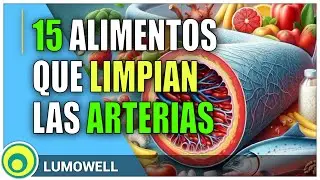 Atherosclerosis: 15 Foods That Clean Your Arteries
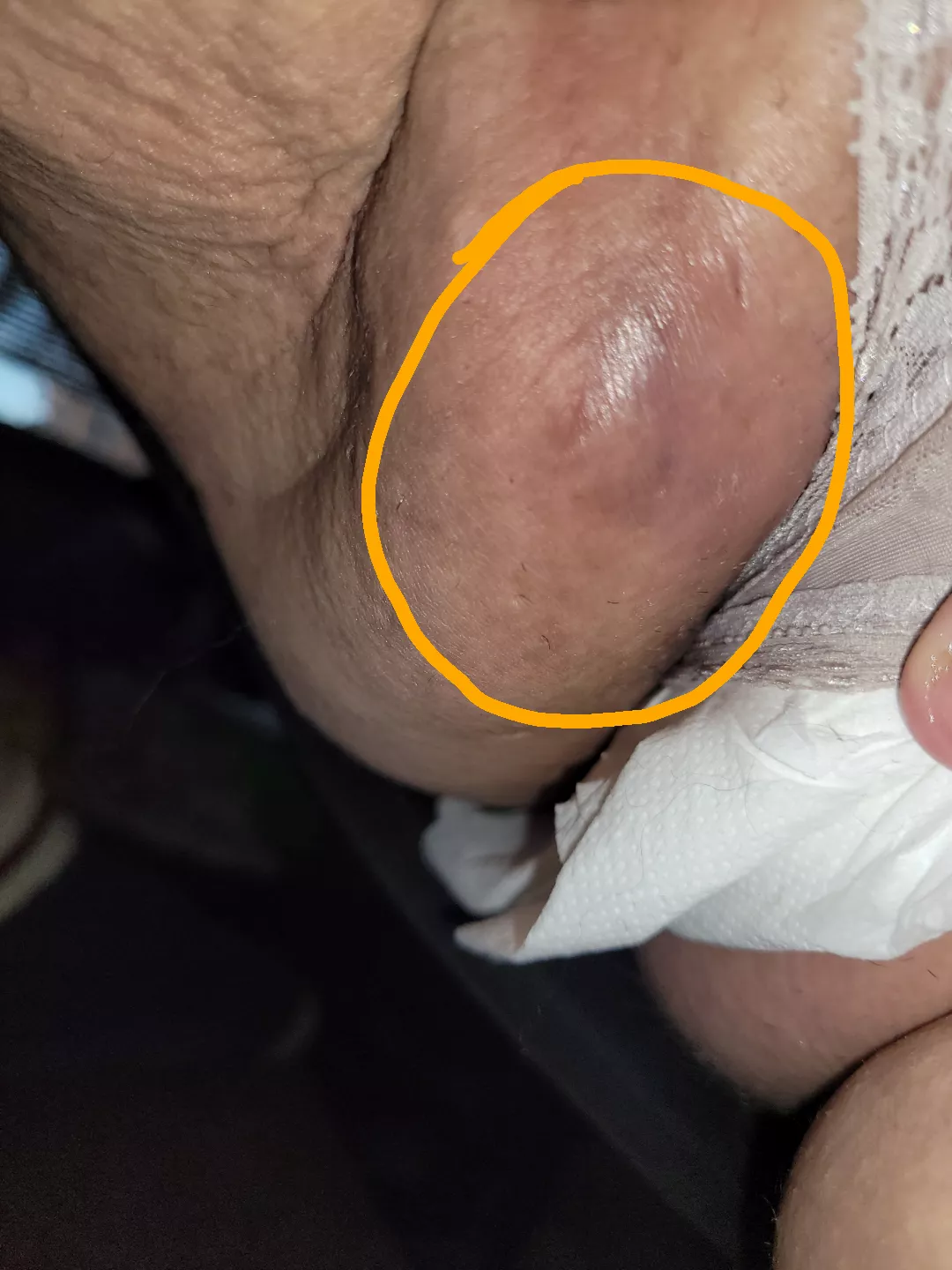 Large strep b boil/abcess on vagina. It has ruptured on its own and I am on medicine to get rid of the infection. It was caused by a high blood sugar for a prolonged period of time.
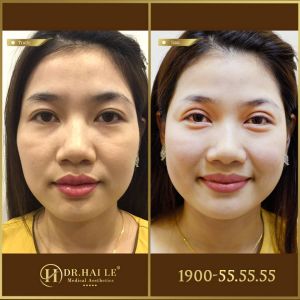 Hình ảnh cắt mí trước sau Dr Hải Lê - Ca 181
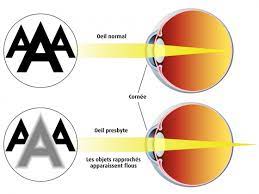 Presbytie : symptômes, causes et traitements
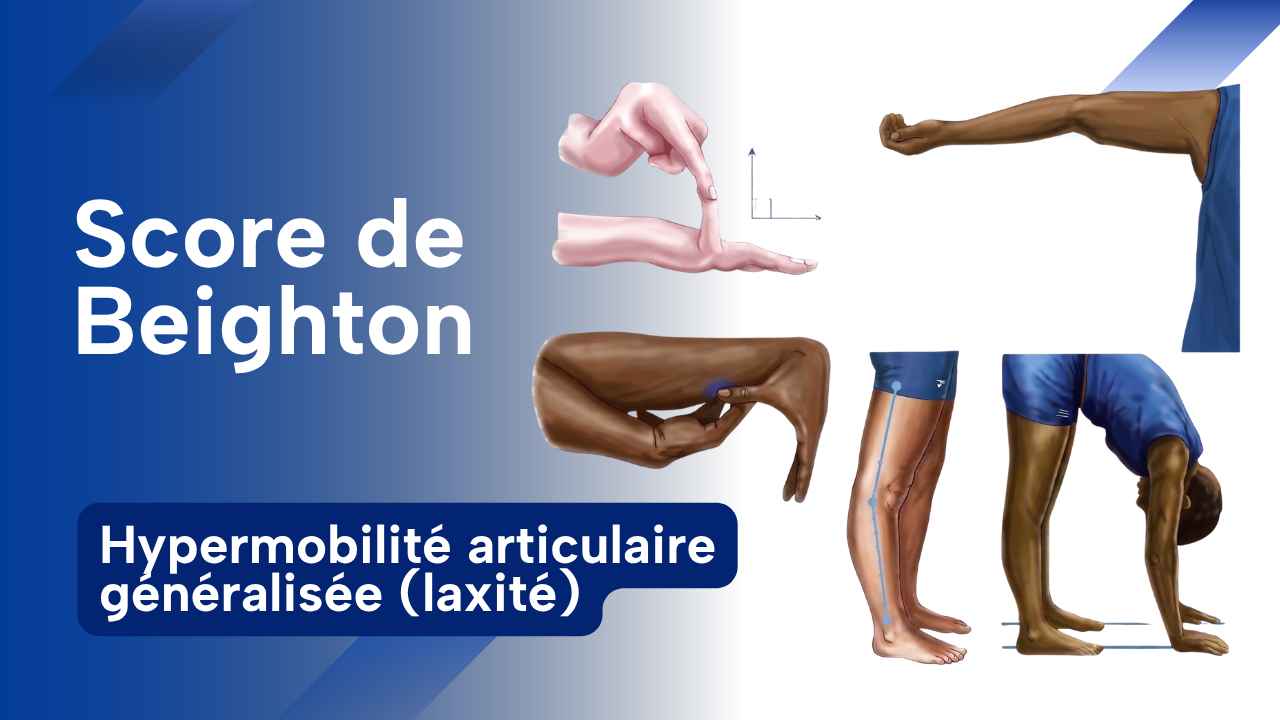 Vignette du score de Beighton évaluant l'hypermobilité articulaire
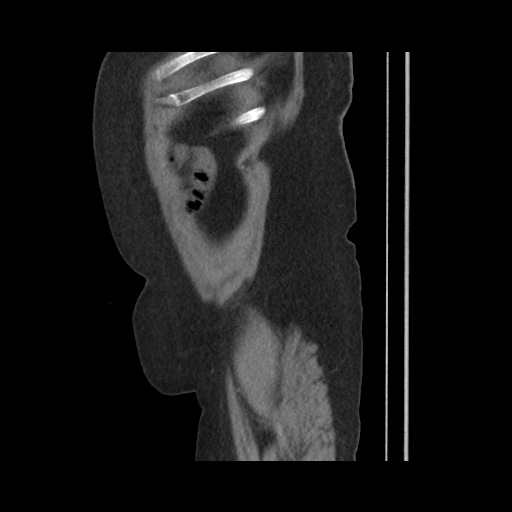 Acute cholecystitis with tensile fundus sign (Radiopaedia 71394-81723 Sagittal non-contrast 148).jpg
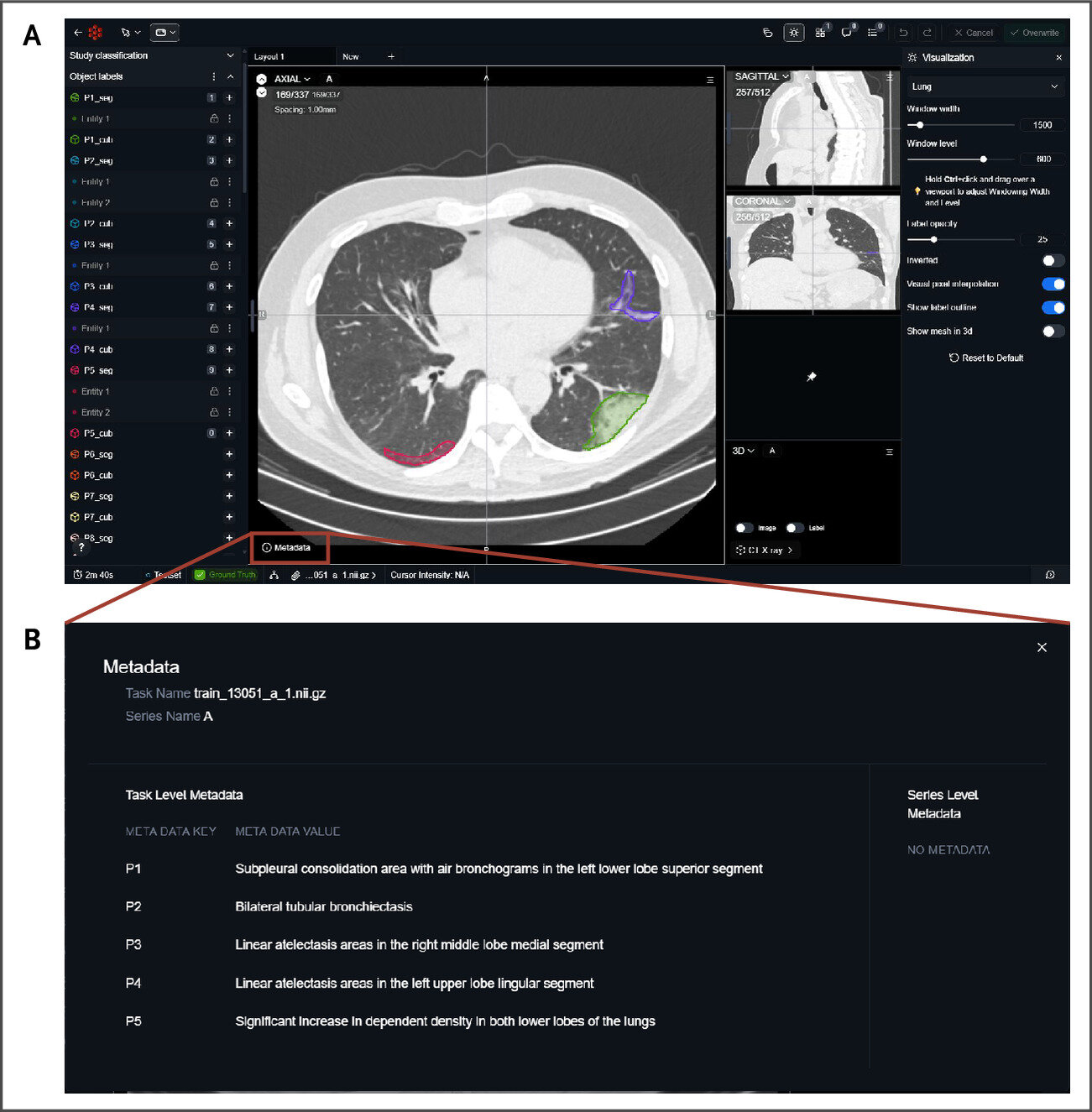 Public dataset aims to teach AI to 'show its work' on CT scans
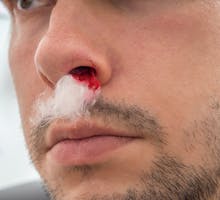 Man with bleeding nose and cotton in his nostril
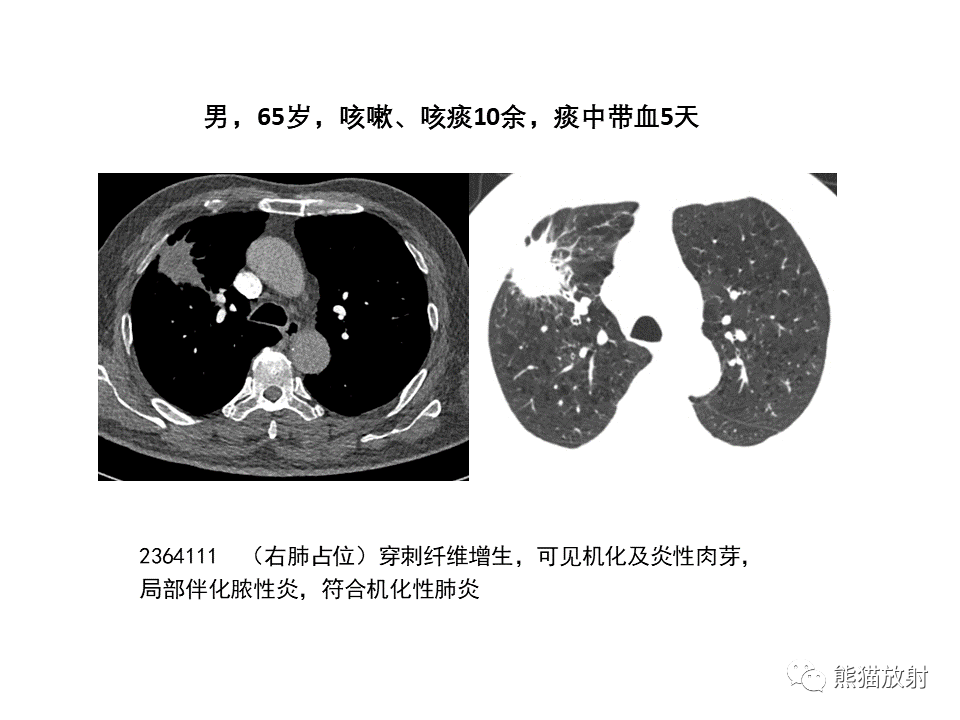影像PPT - 【病例】局灶性机化性肺炎2例CT影像诊断-38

━━━━━━━━━━━━━━━━

In the listing, find the line containing "Man with bleeding" and repeat it and every later line through the last one, word for word, excluding the pictures.

 Man with bleeding nose and cotton in his nostril
影像PPT - 【病例】局灶性机化性肺炎2例CT影像诊断-38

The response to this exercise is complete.